Input sequence: [A, B, C, D]
Blocks: [A, B], [C, D]

+---+---+     +---+---+
| A | B | --> | A |   |
+---+---+     +---+---+
| C | D |     |   | D |
+---+---+     +---+---+


# **In this example, the input sequence is divided into two blocks, [A, B] and [C, D].**

# **The attention mechanism only allows attention within each block, so tokens A and B can attend to each other, and tokens C and D can attend to each other. However, tokens A and C, and tokens B and D cannot attend to each other.**

# **The "block diagonal" attention pattern can be implemented in the Transformer network by modifying the attention mask**

# **which is a binary matrix that indicates which tokens are allowed to attend to each other. In the standard Transformer, the attention mask is a fully-connected matrix that allows all tokens to attend to each other.**

# **In contrast, in the "block diagonal" attention pattern, the attention mask is a block diagonal matrix that only allows attention within each block.**

In [None]:
import tensorflow as tf

class BlockDiagonalAttention(tf.keras.layers.Layer):
    def __init__(self, block_size):
        super(BlockDiagonalAttention, self).__init__()
        self.block_size = block_size

    def call(self, inputs, mask=None):
        query, key, value = inputs

        # Divide input sequence into blocks
        batch_size, seq_length, hidden_size = query.shape.as_list()
        num_blocks = seq_length // self.block_size
        query = tf.reshape(query, [batch_size, num_blocks, self.block_size, hidden_size])
        key = tf.reshape(key, [batch_size, num_blocks, self.block_size, hidden_size])
        value = tf.reshape(value, [batch_size, num_blocks, self.block_size, hidden_size])

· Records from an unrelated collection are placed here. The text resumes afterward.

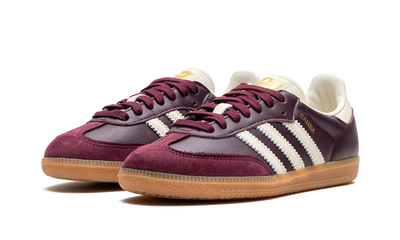 Samba Cream White Maroon Cream White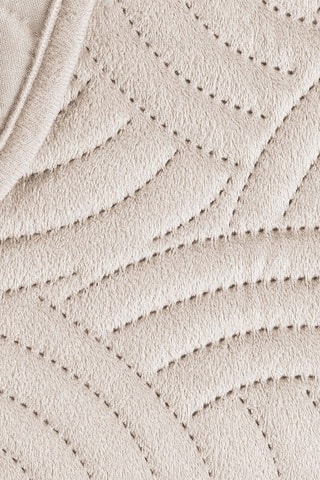 Couvre-lit et taies d'oreiller en velours Solange - Crème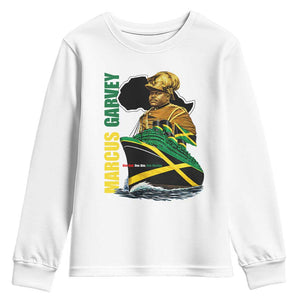 Marcus Garvey Jamaica Pride Youth Sweatshirt One God One Aim One Destiny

        # Compute attention within each block
        query = tf.transpose(query, [0, 2, 1, 3])
        query = tf.reshape(query, [batch_size * self.block_size, num_blocks, hidden_size])
        key = tf.transpose(key, [0, 2, 1, 3])
        key = tf.reshape(key, [batch_size * self.block_size, num_blocks, hidden_size])
        attention_scores = tf.matmul(query, key, transpose_b=True)
        attention_scores = tf.reshape(attention_scores, [batch_size, self.block_size, num_blocks, self.block_size])
        attention_scores = tf.transpose(attention_scores, [0, 2, 3, 1])
        attention_scores = tf.reshape(attention_scores, [batch_size, seq_length, self.block_size])

        # Apply attention mask
        if mask is not None:
            attention_scores = tf.where(mask, attention_scores, tf.constant(-1e9, dtype=attention_scores.dtype))

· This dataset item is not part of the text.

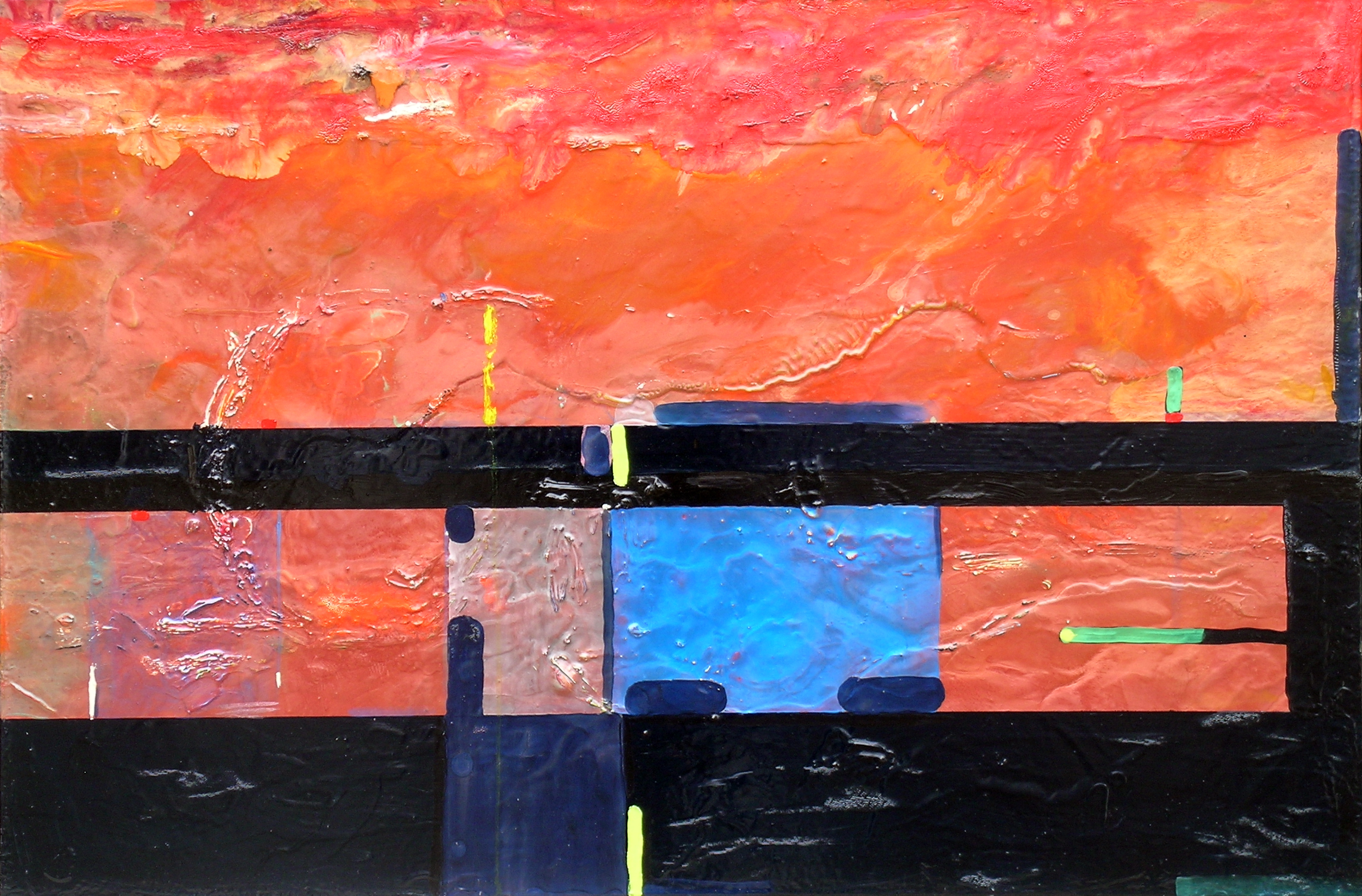 Bunker View, 2008, Alkyd on Canvas, 24 x 36 inches, Available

        attention_probs = tf.nn.softmax(attention_scores, axis=-1)
        attention_probs = tf.keras.layers.Dropout(rate=0.1)(attention_probs, training=self._in_train_mode())

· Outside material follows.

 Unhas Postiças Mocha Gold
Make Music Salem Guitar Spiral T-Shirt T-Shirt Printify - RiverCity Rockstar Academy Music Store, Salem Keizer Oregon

        # Compute weighted sum of value vectors
        value = tf.transpose(value, [0, 2, 1, 3])
        value = tf.reshape(value, [batch_size * self.block_size, num_blocks, hidden_size])
        attention_probs = tf.reshape(attention_probs, [batch_size * seq_length, self.block_size, 1])
        context_vector = tf.matmul(value, attention_probs)
        context_vector = tf.reshape(context_vector, [batch_size, seq_length, hidden_size])
        return context_vector


# Note that this implementation assumes that the query, key, and value vectors are all of the same shape. If this is not the case, you may need to adjust the reshape operations accordingly.